Just when I thought the state of America’s public health regarding smoking could not get any worse, the California Department of Public Health (CDPH) showed me how wrong I was. Their new leaflet: Protect Your Family From E-Cigarettes, would be laughable if it weren’t so lethally serious.
Perhaps my surprise merely reflected my residual naiveté about the devotion of so-called health leaders to maintaining their agendas at the expense of their true mission: preserving (or enhancing) our population’s health status.
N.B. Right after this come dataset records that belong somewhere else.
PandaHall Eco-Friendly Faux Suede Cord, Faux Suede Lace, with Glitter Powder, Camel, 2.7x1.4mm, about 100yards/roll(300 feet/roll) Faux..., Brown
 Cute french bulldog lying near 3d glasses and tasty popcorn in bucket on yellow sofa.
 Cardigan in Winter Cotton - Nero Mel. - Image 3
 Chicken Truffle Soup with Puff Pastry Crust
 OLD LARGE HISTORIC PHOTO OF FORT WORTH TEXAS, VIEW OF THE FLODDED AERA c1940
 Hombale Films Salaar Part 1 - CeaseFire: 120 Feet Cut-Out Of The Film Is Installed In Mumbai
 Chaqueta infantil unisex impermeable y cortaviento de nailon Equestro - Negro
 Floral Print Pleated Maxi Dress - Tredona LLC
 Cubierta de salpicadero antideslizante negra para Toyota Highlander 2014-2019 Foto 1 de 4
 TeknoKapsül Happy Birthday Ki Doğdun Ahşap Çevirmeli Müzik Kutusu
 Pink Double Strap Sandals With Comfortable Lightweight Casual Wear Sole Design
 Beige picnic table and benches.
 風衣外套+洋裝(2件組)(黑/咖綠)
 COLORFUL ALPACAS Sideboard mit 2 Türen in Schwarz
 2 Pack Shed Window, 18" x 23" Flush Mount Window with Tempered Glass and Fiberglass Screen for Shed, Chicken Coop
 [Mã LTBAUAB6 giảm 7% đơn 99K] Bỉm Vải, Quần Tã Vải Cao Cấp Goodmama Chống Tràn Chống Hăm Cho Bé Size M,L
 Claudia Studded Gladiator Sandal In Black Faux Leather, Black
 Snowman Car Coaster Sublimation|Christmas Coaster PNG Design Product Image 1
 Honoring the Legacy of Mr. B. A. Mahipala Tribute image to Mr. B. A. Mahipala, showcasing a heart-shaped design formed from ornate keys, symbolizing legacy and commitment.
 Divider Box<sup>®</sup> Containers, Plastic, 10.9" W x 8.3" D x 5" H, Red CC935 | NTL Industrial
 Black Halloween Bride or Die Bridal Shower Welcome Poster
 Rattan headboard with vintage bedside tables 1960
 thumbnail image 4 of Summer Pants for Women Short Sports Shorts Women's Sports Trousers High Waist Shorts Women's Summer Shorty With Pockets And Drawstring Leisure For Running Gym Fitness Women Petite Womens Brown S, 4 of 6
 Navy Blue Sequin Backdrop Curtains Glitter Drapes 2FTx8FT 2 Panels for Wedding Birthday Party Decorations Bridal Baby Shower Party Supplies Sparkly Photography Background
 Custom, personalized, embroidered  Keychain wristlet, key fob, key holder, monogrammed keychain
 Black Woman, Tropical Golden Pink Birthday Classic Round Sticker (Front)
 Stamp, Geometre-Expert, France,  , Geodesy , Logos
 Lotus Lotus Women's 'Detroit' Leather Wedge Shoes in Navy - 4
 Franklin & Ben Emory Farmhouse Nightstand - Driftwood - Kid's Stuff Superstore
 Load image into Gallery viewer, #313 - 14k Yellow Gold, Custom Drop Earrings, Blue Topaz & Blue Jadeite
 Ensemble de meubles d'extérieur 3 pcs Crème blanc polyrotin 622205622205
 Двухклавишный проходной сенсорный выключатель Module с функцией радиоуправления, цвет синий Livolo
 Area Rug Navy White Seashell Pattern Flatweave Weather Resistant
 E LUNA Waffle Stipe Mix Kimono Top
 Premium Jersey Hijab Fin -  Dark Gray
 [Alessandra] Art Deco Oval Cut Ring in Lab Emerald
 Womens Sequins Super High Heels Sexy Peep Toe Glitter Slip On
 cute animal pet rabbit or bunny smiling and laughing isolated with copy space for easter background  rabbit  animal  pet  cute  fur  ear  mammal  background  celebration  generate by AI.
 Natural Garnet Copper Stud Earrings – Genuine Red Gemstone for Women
Yet, each time I hope for an expression of science-based communication regarding our nation’s #1 public health problem — cigarette smoking — I get rudely reminded that officialdom is not to be trusted; they are willing to sacrifice the public good in service to their anti-harm-reduction dogma. (“Harm reduction” is delivering a desired drug with reduced or absent damage to health, such as methadone for heroin addicts. Many in public health believe this is anathema, that the only “right way to quit” is to become abstinent).
To summarize: smoking is America’s most important, and preventable, public health problem: it is estimated that almost a half-million of us will succumb prematurely to smoking’s deadly effects each year, with twenty-times that number sickened. Among our 43 million smokers, over half try to quit each year — yet less than one in twenty succeed. The FDA approved products — patches, gums and drugs — help “boost” that to about one in ten, an abysmal “success” rate of 10 percent. Yet, the official line, from the FDA and the CDC on down, is “stick with the FDA-approved methods; don’t even try anything else!”
This amounts to advising desperate, addicted smokers to “quit, or die,” given the 90 percent failure rate of these products (which happen to be made and marketed by the Big Pharma companies, GSK, Pfizer and Johnson and Johnson, mainly). Meanwhile, out of sight, apparently, of the CDC et al, a groundbreaking technology has been sweeping up smokers and turning them, by the millions, into ex-smokers: electronic cigarettes (e-cigs) and vapor products have been selling at unheard of rates, as smokers sense a way to get their drug of choice — nicotine — without the hundreds of toxic and carcinogenic chemicals in smoke.
Sounds too good to be true, right? But what has public health determined about these disruptive, lifesaving products? Although there is zero evidence that they are harming anyone and plenty to show the opposite, their message to smokers remains, “keep away, don’t even try them, no matter how many times you’ve failed to quit with the older methods.”
Right in line with these messages, so antithetical to public health, comes the new advisory from CDPH. The whole intent of it — “protecting one’s family from e-cigs” — makes the devices sound like instruments of terror or violence, rather than a hoped-for escape from the deadly clutches of cigarettes for addicted smokers. It is replete with both false and misleading statements that, in total, make it seem as though e-cigs are as bad as (or worse than) the real things. One header asks, “Aren’t they safer than tobacco cigarettes?” The reader is given plenty of hints that the answer is “no.” Yet that is a scientific abomination: how could e-cigs, which deliver nicotine in propylene glycol (FDA approved) or glycerol, with flavorings and water vapor, be compared in toxicity to the deadly slew of thousands of cigarette-smoke chemicals?